# disposing of old insulation



## dfowler (Jan 15, 2014)

We recently moved to a house in the country and the previous owners
have an entire shed full of trash bags filled with a gray dusty type of insulation. I believe the old guys intent was to put it on the garden
but I am not sure if this is a good idea or not. I would like to know 
a good safe and free way to get rid of it.


----------



## Windows on Wash (Aug 30, 2011)

Throw it out.

Unless you know whats in it...dispose of it. 

How much are we talking about? How many bags? 

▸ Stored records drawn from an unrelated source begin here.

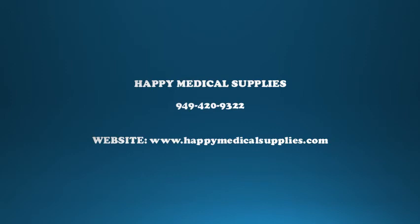Let us know in the comments below. Please like, comment, and subscribe to our channel for more information.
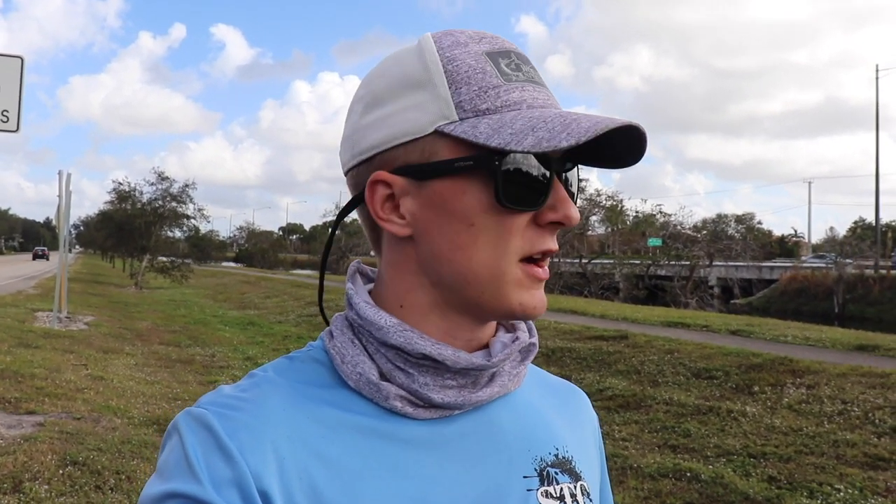We're at the same canal we were yesterday but a little bit further down. Somebody's fishing the spot we were at yesterday, so we had to come down the canal. This spot looks even better because peacocks like to hang around bridges, and there's two bridges right here close by. We're going to fish both bridges, and I also bought two brand new Rapala X-Wraps, which are a really common bait to catch peacocks on.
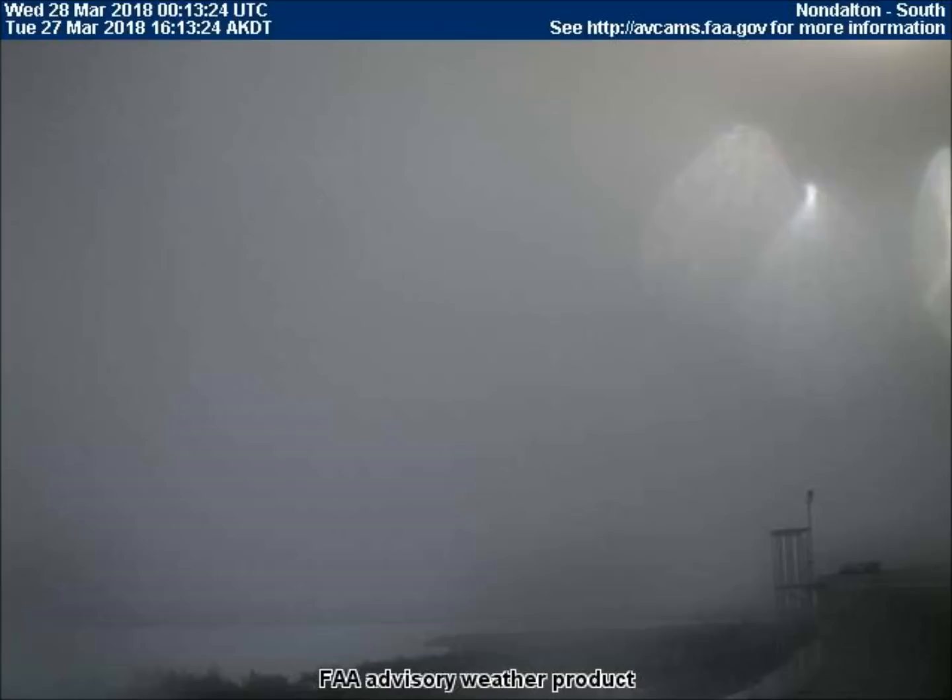I'm not even going to try to guess what showed up on this south-facing camera in Non-Dalton, Alaska. It was only there for one frame due to the heavy fog, so I'm guessing it could even be a camera issue or a strange reflection of some equipment. If anyone has a suggestion of what this could be, please leave it in the comments. These are very interesting shapes that were visible on the camera for only one frame.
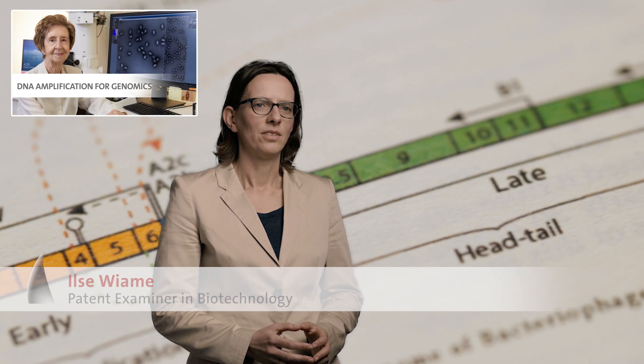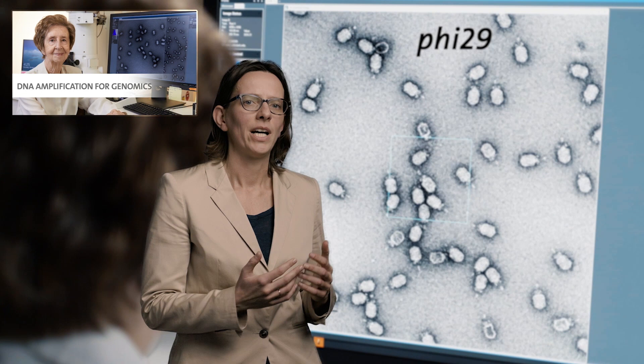I wanted to propose an invention about single cell sequencing. This is used to analyze DNA when only very few starting material is available. The Phi29 DNA polymerase is unique in that it can amplify large stretches of DNA while making very few mistakes in copying the DNA. I came across the Phi29 DNA polymerase and its inventor, Margarita Salas.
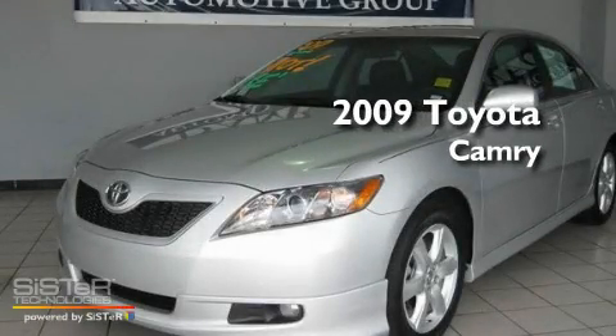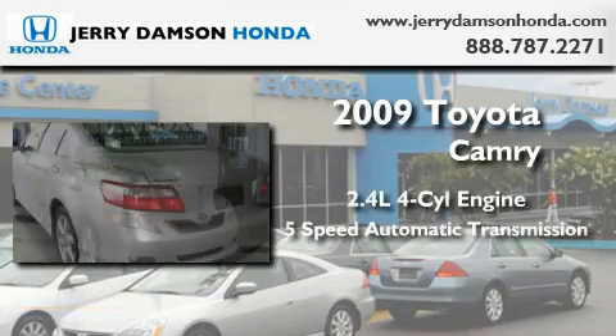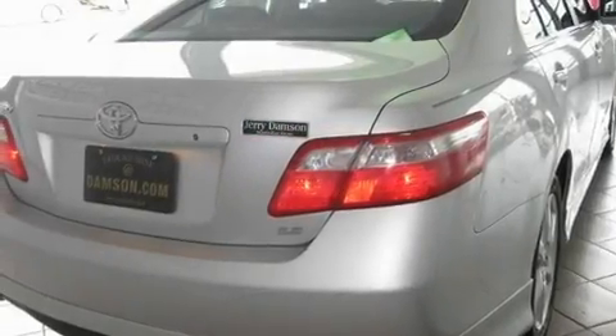This is a 2009 Toyota Camry. It has a 2.4-liter 4-cylinder engine and a 5-speed automatic transmission. Its top features include a power driver's seat, cruise control, steering wheel mounted controls, and a CD player.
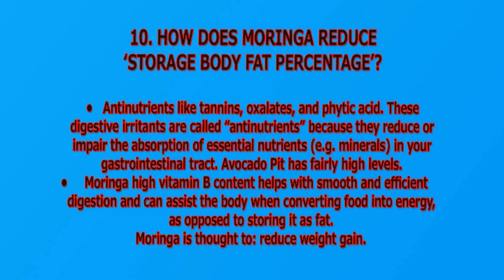How does eating Moringa reduce storage fat percentage? Anti-nutrients like tannins, oxalates, and phytic acid are called anti-nutrients because they reduce or impair the absorption of essential nutrients such as minerals in your gastrointestinal tract. Moringa's high vitamin B content helps with smooth and efficient digestion and can assist the body in converting food into energy as opposed to storing it as fat. Moringa is thought to reduce weight gain.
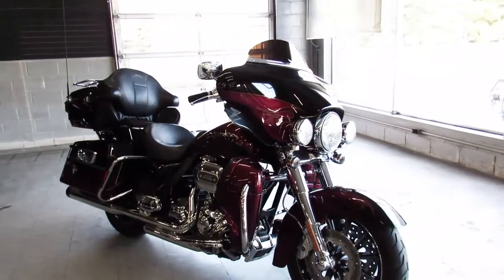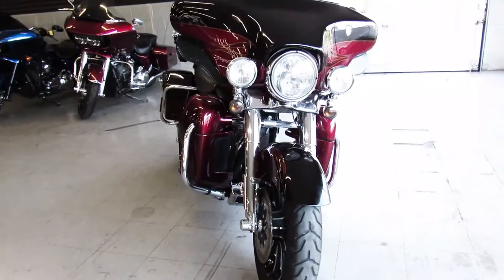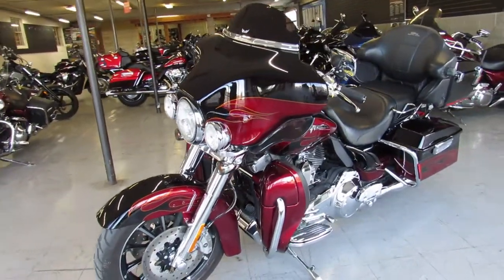Hey guys, it's ApprovalPowerSports.com here. We're filling the showroom up with these Harley-Davidsons. This one here just came in — 2011 Harley-Davidson Screaming Eagle, 110 motor CVO. Sharp bike, guys.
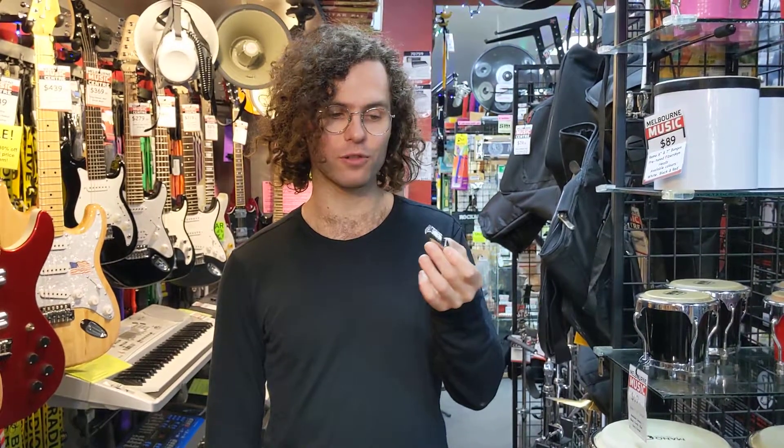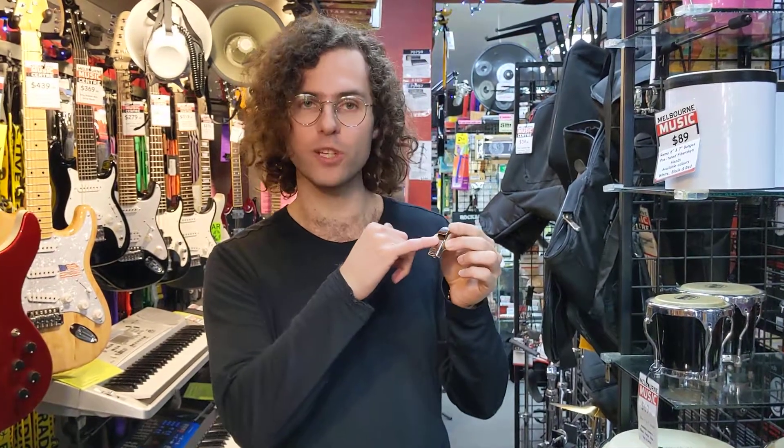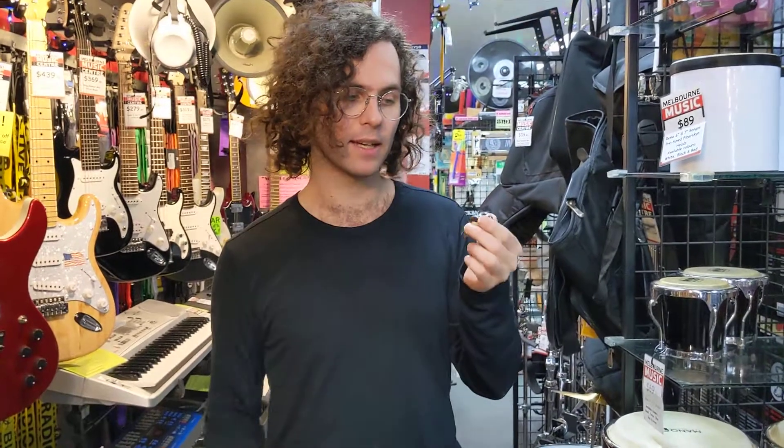Hi, this is Todd from Melbourne Music Centre with the very loud Acme Thunderer Whistle — a classic by Acme. All English made, beautiful nickel construction. It's a pea whistle, so it's got a little cork pea. Been making it the same for 130 years now.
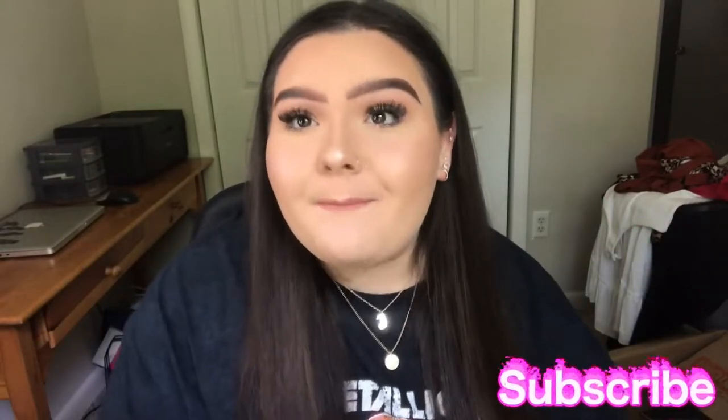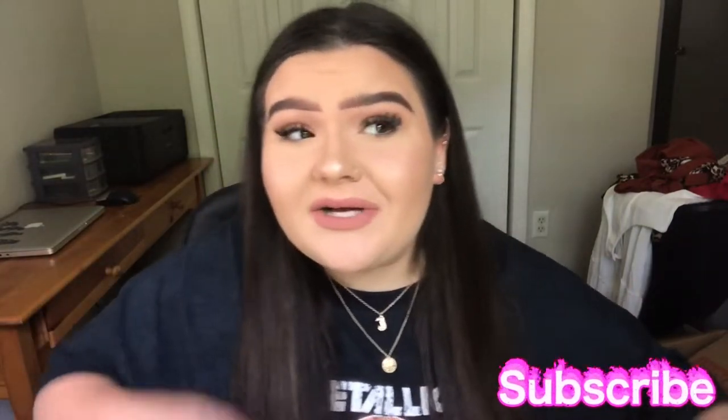Hey guys, what's up? It's Julia. If you guys are new here, what's up? My name is Julia. I post makeup, fashion, lifestyle type videos and you guys should really stick around because we do a lot of fun things on this channel.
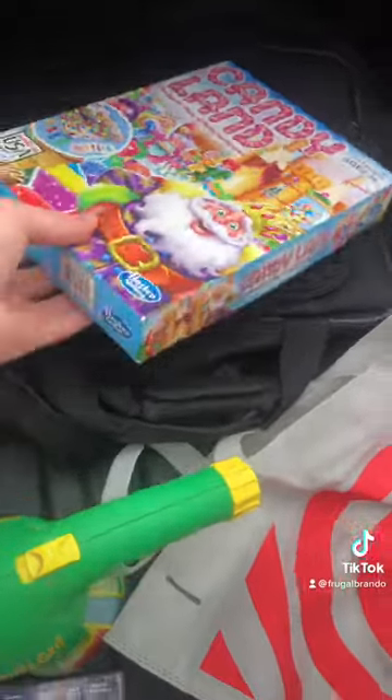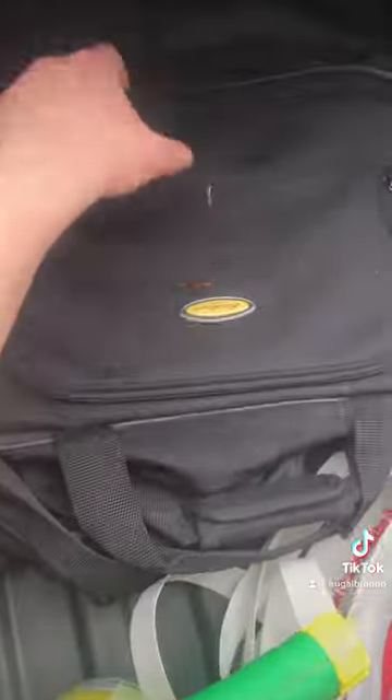I also found this nice little Target bag that can always come in handy. You can never have too many bags, especially for shopping. Also found Candy Land — looked like it had all the pieces. And found this cool Eddie Bauer tote bag, which was nice.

I would just take it to the landfill or leave it for curbside pick up if they will do it.


----------



## mikegp (Jul 17, 2011)

You could just put out a couple of bags every trash collection day if you don't want to make a big deal out of it.


----------



## Anti-wingnut (Oct 18, 2009)

Make sure you know what it is. Throwing away asbestos or vermiculite could endanger others and end up with the courts selling your house


----------



## dfowler (Jan 15, 2014)

Thanks all! I'd say we got 75 bags of the stuff. 
It doesn't look like what I
have seen for vermiculite pictured on the internet but better safe than sorry. Looks more like gray shredded paper gone to dust from age.
No trash pick up here yet, We burn and bury here. Searching for a disposal company now.  Thanks again


----------



## Anti-wingnut (Oct 18, 2009)

Sounds like cellulose, but best to get some representative samples just to be sure that there isn't any asbestos there


----------



## dfowler (Jan 15, 2014)

Cellulose. Just looked that up and that is exactly what it looks like
Did I already say THANK YOU !! I feel so much better now :yes:


----------



## michelclarke (Oct 26, 2013)

Gather the loose-fill insulation, regardless of type, into plastic trash bags. Use your gloved hands to place the insulation into the bags.
*2*

Squeeze the bags to remove excess air and then secure the end of the bag with a plastic or wire tie.

*3*

Place the filled trash bag into a second high-density trash bag for added sealing. Secure the second trash bag with a plastic or wire tie after removing excess air.

*4*

Contact the local waste-management authority in your area for proper disposal or recycling procedures for the type of loose-fill insulation that you have. Some dumps may require that you dispose of the insulation in a specific place at the dump, while others may require you to dispose of it with regular household trash.

*5*

Take the bagged insulation to the appropriate location indicated by the local dump or waste management services for disposal.


----------